Robert Everett and the Welsh Abolition Community
Robert Wynne Everett (1790-1875) was a Welsh immigrant and Presbyterian preacher at the 2nd Presbyterian Church in Utica who became a leader of Welsh abolitionism in the towns of Remsen and Steuben. He was Born of Scottish-English father, Lewis Everett, and a Welsh mother, Jane, on January 2, 1797 in Cronant, Flintshire. “Called” to ministry at Bethesda Welsh Congregational Church in Utica, 1823. Preached first sermon on July 23, embarking on a career of four sermons a week as well as revivals, prayer meetings and temperance meetings. Involved in temperance movement. Wanted to work with Welsh-speaking Congregationalists so he took on the ministry at Capel Ucha in Steuben and Penymynydd near Steuben. Capel Ucha was founded 1805, built in 1820, with a capacity of 500-600. Capel Ucha no longer stands, but there is a monument in Capel Ucha Cemetery marking its location.
Everett published Welsh-language periodicals, including anti-slavery publications. His Welsh magazine, Y Cenhadwr Americanydd (The American Messenger), with a wide circulation throughout this country and in Wales, became a vehicle for his anti-slavery views.

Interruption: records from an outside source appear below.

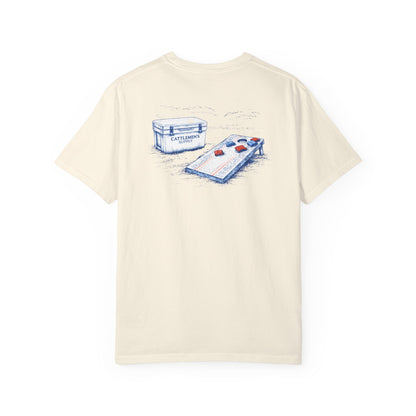 Cattlemen's Supply Cornhole Graphic T-Shirt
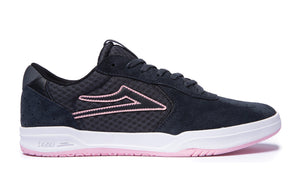 Lakai Atlantic Charcoal/Pink Suede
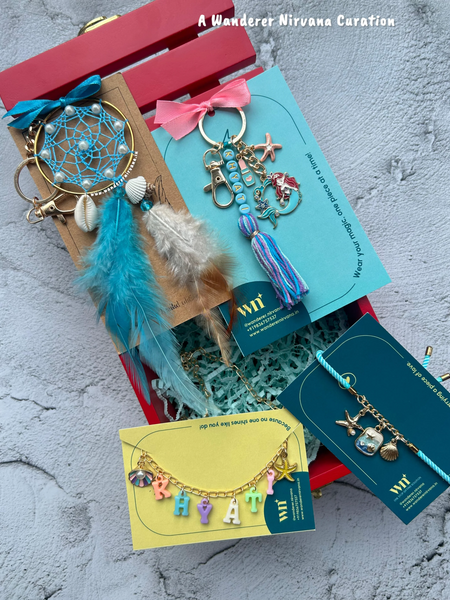 Mermaid Theme Hamper Box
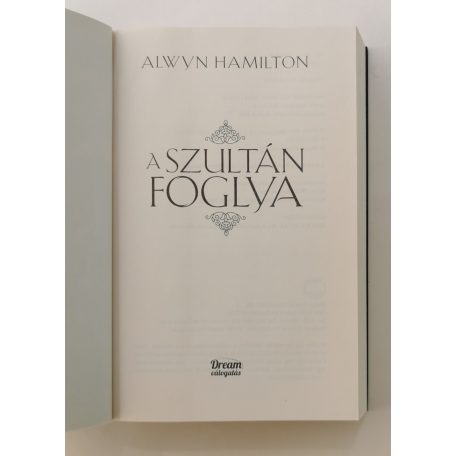 Alwyn Hamilton: A szultán foglya 
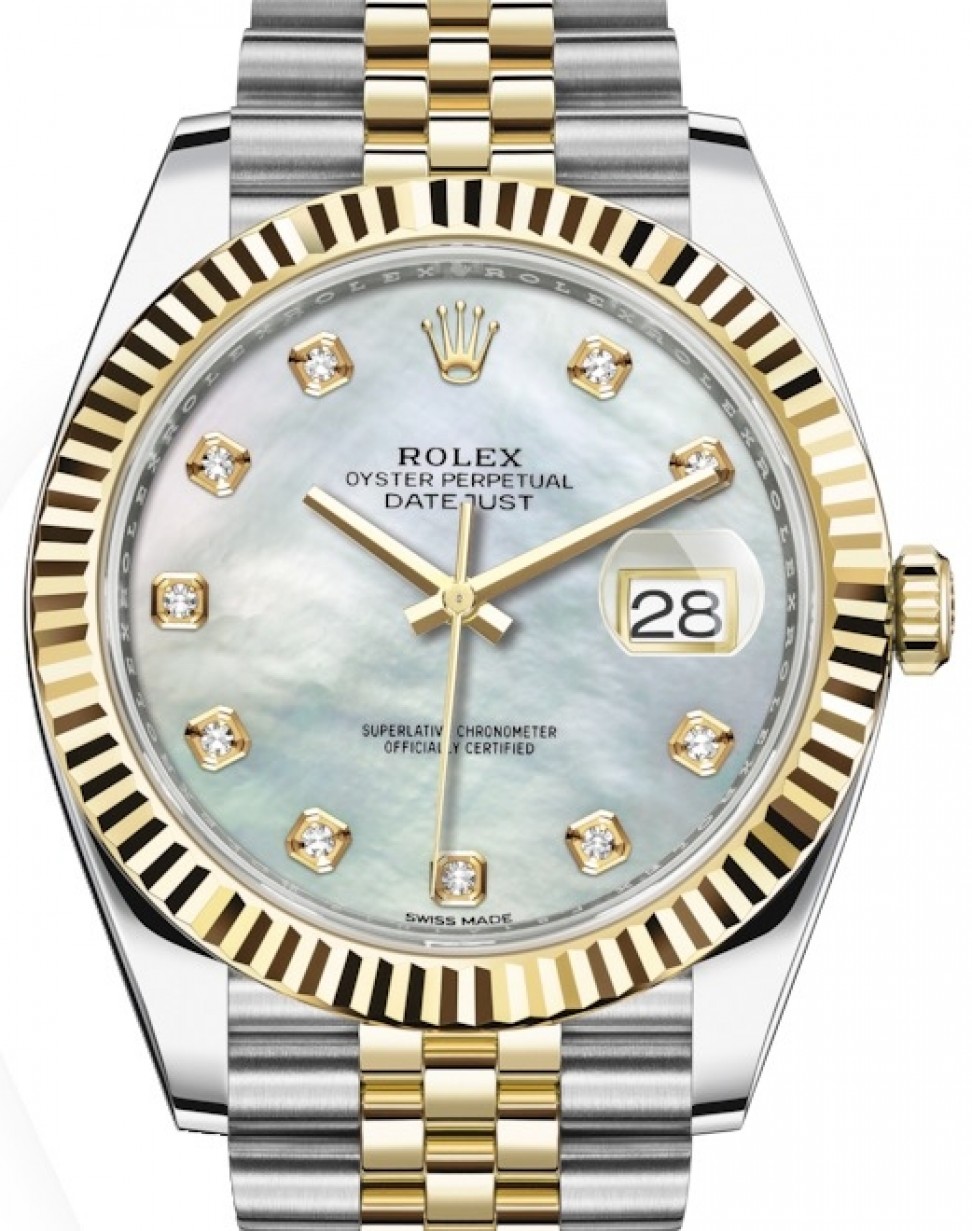 datejust mother of pearl 41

He published Uncle Tom’s Cabin: Or Life Among the Lower Class, the Welsh edition of Harriet Beecher Stow (Caban f’ewythr Twm, cyfieithiad Hugh Williams, gan Robert Everett, Remsen, NY.)Detholydd. 1850-52. large 8 vol. A periodical to advocate the freedom of the slaves in the USA, edited by Rev. R. Everett. Sold for $1 per year. US 9 nearly complete) Utica College. He published Dyngarwr, 1843-1844, a monthly periodical which advocated freedom of slaves and other philanthropic aims, ed. and pub. by Rev. R. Everett of Steuben. The editor’s zeal for Negro emancipation led him in 1843 to give a free copy to every Welsh preacher in the Union, as well as to many others. Most articles deal with the Negro question.

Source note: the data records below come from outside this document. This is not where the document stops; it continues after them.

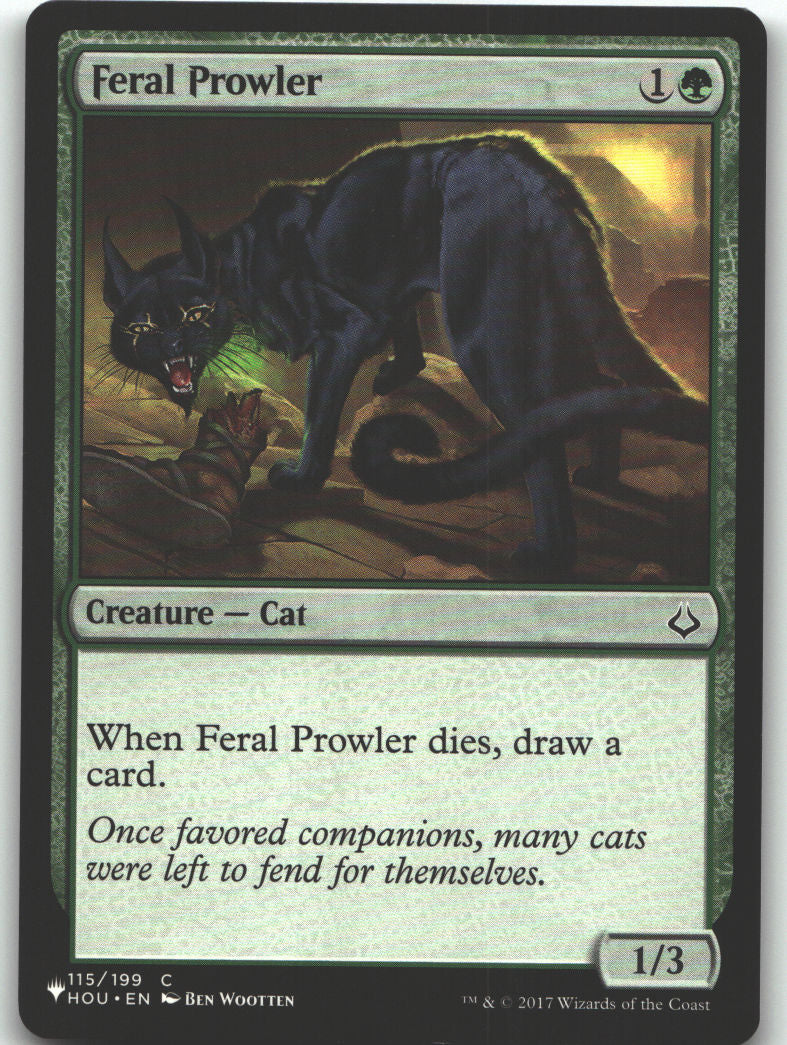 Feral Prowler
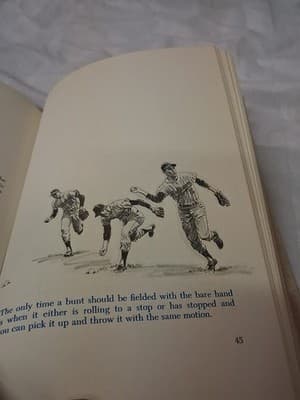 Sports Illustrated Book of Baseball Copyright 1966 - Thumbnail 3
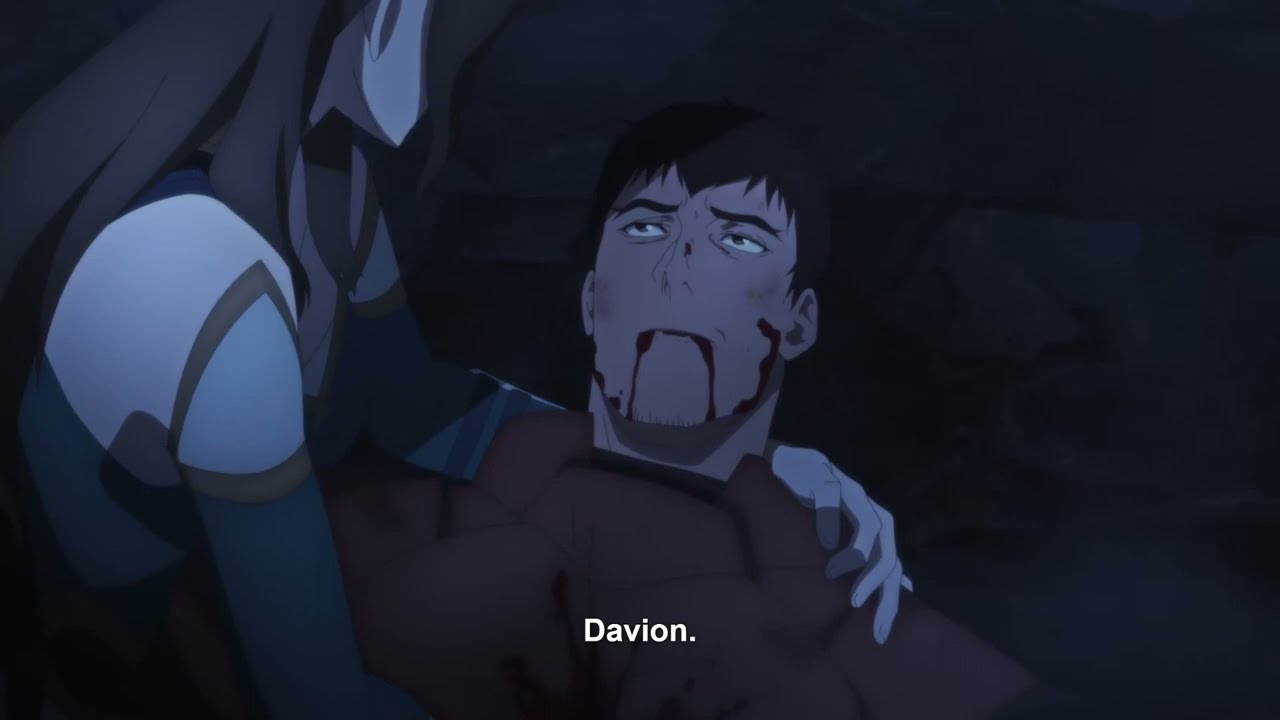Dota 2 Dragon's Blood: Book 3 | Davion Death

“He was a man of scholarly attainments, exemplary piety, and conscientious devotion to duty. Always in advance of his age, he was an earnest reformer and a leader in every good cause, and therefore by many was considered an extremist.” (Millard Roberts, History of Remsen, p.375)
“He was an abolitionist from the time he arrived in Utica (182); the Everetts’ wagon driver was either a slave or a former slave and had told them much about slavery. New York State was still a slave state, the law passed in 1817 was to abolish slavery in 1827.” (Roberts, History of Remsen)

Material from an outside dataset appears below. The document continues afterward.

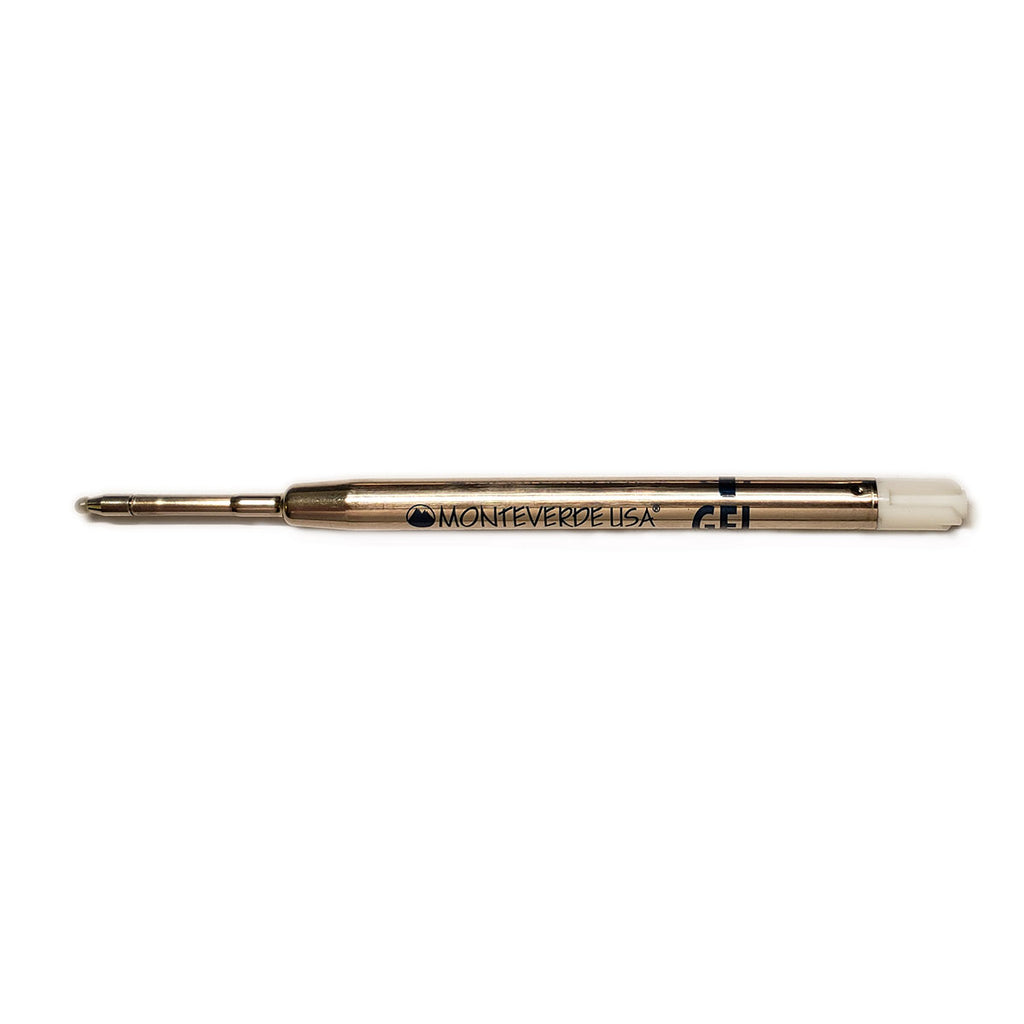 Parker Blue Black Broad Gel Refill By Monteverde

"Capel Ucha, first built of logs in 1804, was a stone church during the days of the Underground railroad “This served for 83 years and would have done services for many more years had it not been for a spring under the northwest corner of the foundation which with the alternate freezing and thawing slowly but surely undermined the corner and racked the structure. So it was removed an a wood structure was built in 1903 and served until it was closed and auctioned off in 1948 to be used for lumber. This was at first a Union Church, its members being from Calvinistic Methodist and Congregational churches in Wales. In 1804 the church was due to be incorporated and friendly discussion followed and that same year the Congregationals were advised by their sister church in Utica to form a church of their own. Thus a Congregational Church was organized in 1804. The Methodist members were happy to remain with the church until in 1824 they built a Calvinistic Whitefield Methodist Church just east of Remsen, called Pen-Y-Caerau. These churches These two churches were the Mother Churches of each faith and were responsible for other churches being built nearby because of distances members would have to walk to attend week-day services as well as Sunday services.On January 27, 1842, the Welsh Anti-Slavery Society of Steuben, Remsen, Trenton, and Vicinities” was founded at Capel Ucha. Dr. Everett’s home became a station of the Underground Railroad, indicated by a mark on his chimney." (Roberts, History of Remsen)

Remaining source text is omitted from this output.